A dishonored force

The call for the revival of the Philippine Constabulary takes me back down memory lane to a day in 1970 when I was teaching at the Asian Institute of Management and the subject of discussion was the Greater Manila Terminal Food Market. The food terminal was established with the objective of bringing down the price of agricultural produce by removing the multiple tiers of channels of distribution, or middlemen, in the supply chain, thus eliminating the markups imposed by them. To accomplish this, the government provided a vast marketplace where farmers and fishers could bring their produce and sell these directly to consumers at retail price.

In the course of the discussion, one student said it was not the markups imposed by the intermediaries that caused the high price of agricultural produce, it was the payola the producers had to cough up to the constables at the many checkpoints along the roads from farms and fishing villages to the public markets that did. No one disputed the claim. Instead, the class turned to Rene, a major in the PC. “Yeah, Rene, can some reforms in the PC be instituted?” asked the guy seated next to him.

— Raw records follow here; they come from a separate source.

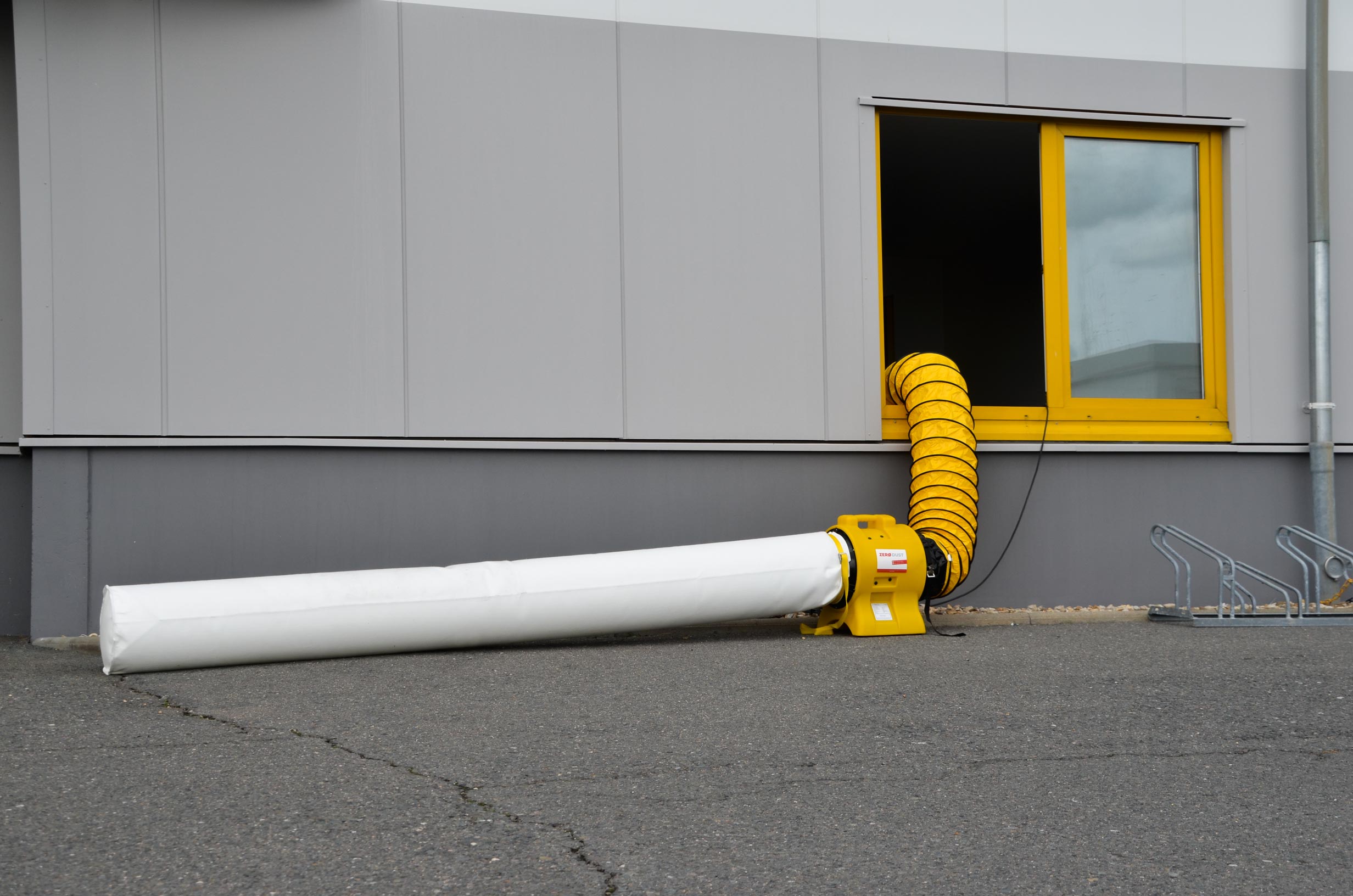 Ansaugschlauch 5 m Ø 300 mm für Turbo-Ventilator 3500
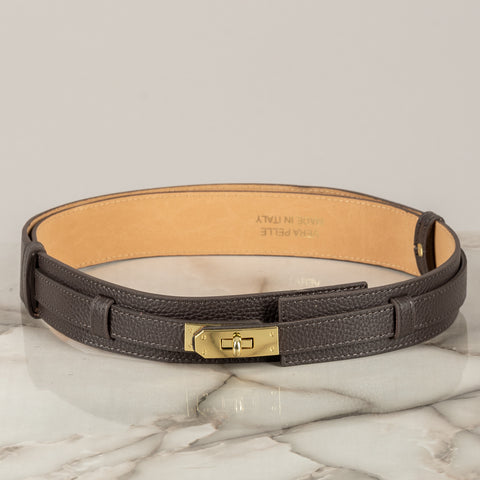 STORY - CINTURA CHIUSURA LUCCHETTO DOPPIA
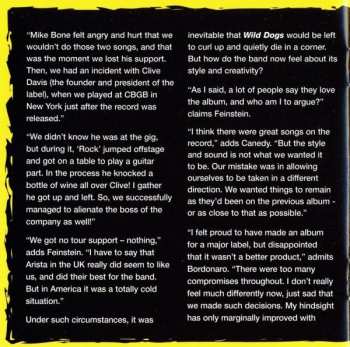 CD The Rods: Wild Dogs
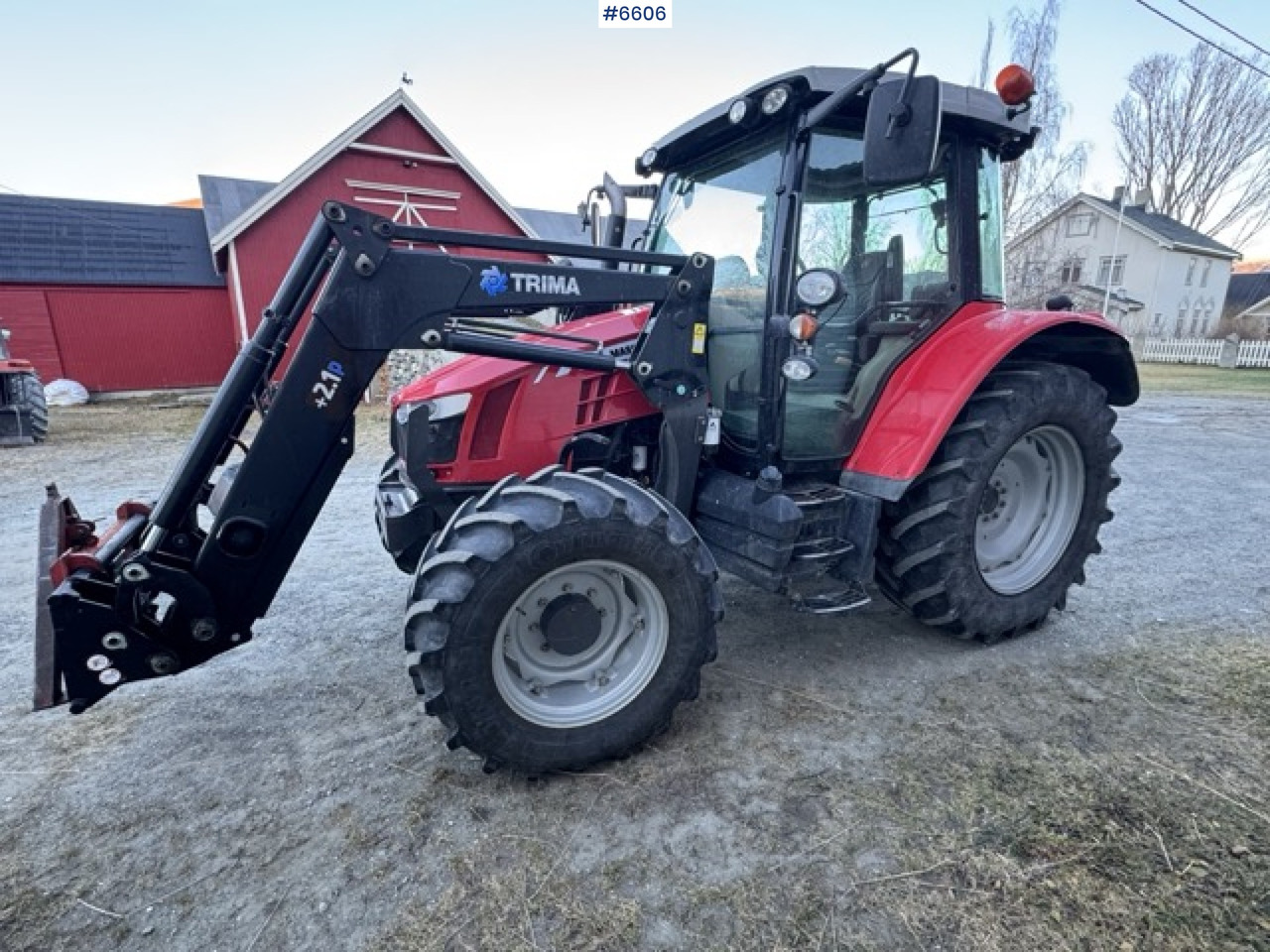 2013 Massey Ferguson 5610 Dyna-4 with front loader. SEE VIDEO! - טרקטור חקלאי: תמונה 1 2013 Massey Ferguson 5610 Dyna-4 with front loader. SEE VIDEO! - טרקטור חקלאי: תמונה 1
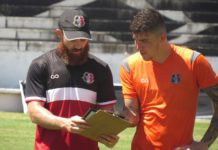 Série C: Charles recebe terceiro cartão amarelo e não joga contra o Globo de Ceará-Mirim Santa Cruz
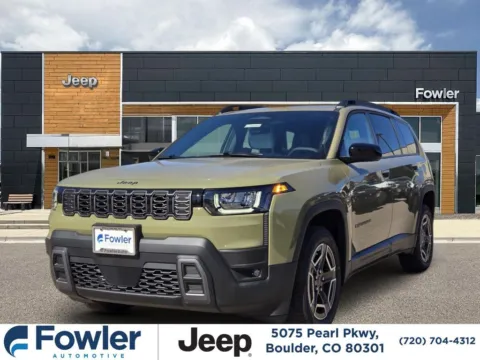 Green 2026 Jeep Cherokee Laredo for sale in Boulder, CO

The usually quiet Maj. Rene de Villa suddenly became voluble and assertive. “To be able to institute reforms, we have to eradicate the existing population and start a new generation altogether because reforms are impossible as corruption is ingrained not only in the military but in the Filipino people,” he said.

At the time, the PC was one of the four major services of the Armed Forces of the Philippines. As its main function was to maintain peace and order, the PC was in effect the country’s national police.  Due to the increased criminality in the Greater Manila Area in the late 1960s, the PC Metropolitan Command or Metrocom was formed to complement the police forces of the cities and municipalities in the capital region in their campaign against all forms of criminality, including illegal fishing.

In September 1972, six months after De Villa graduated from the AIM, President Ferdinand Marcos imposed martial law. The PC took the lead in enforcing military rule. It carried out Marcos’ orders to seize business establishments owned by oligarchs not obsequious to him and to arrest his political enemies, student activists, militant labor leaders, journalists and academics critical of his policies and programs.

The pervasive corruption in the military cited by De Villa surfaced as Marcos’ generals gave vent to their rapacity, amassing by crooked ways enormous fortunes. Palatial homes, fleets of luxury vehicles, and pompous lifestyles became characteristic of Marcos’ generals and colonels. The reputedly corrupt PC gained ultimate notoriety in the early years of martial rule for the indescribable torture it inflicted on political prisoners. Some women activists were subjected to the horrible torture of gang rape.

The PC was abolished in the 1990s, its officers and men absorbed by the Integrated National Police, now the Philippine National Police. But now President Duterte is considering to revive the PC to complement the Philippine Drug Enforcement Agency in the war on drugs. He believes law enforcers and leaders of local government units tend to work with one another for nefarious reasons, such as the illegal drug trade.

“…[T]hese police, whether you like it or not, gravitate toward the mayors and barangay captains,” the President said. But would not the PC officers, whether we like it or not, gravitate toward local government officials as they did before, during and after martial law? The five police generals whom Mr. Duterte accused of being protectors of drug lords are Philippine Military Academy graduates and former PC junior officers.   Why then revive the PC?

I can say, though, that in the days when martial law ruled, De Villa and Percival Adiong, who was also a PC major when he entered the AIM in 1973, remained true to the core values they learned at the PMA and AIM.  De Villa rose to become AFP chief of staff then defense secretary, and Adiong became No. 2 man at the National Police Commission.

Oscar P. Lagman Jr. has been a keen observer of Philippine politics since the 1950s.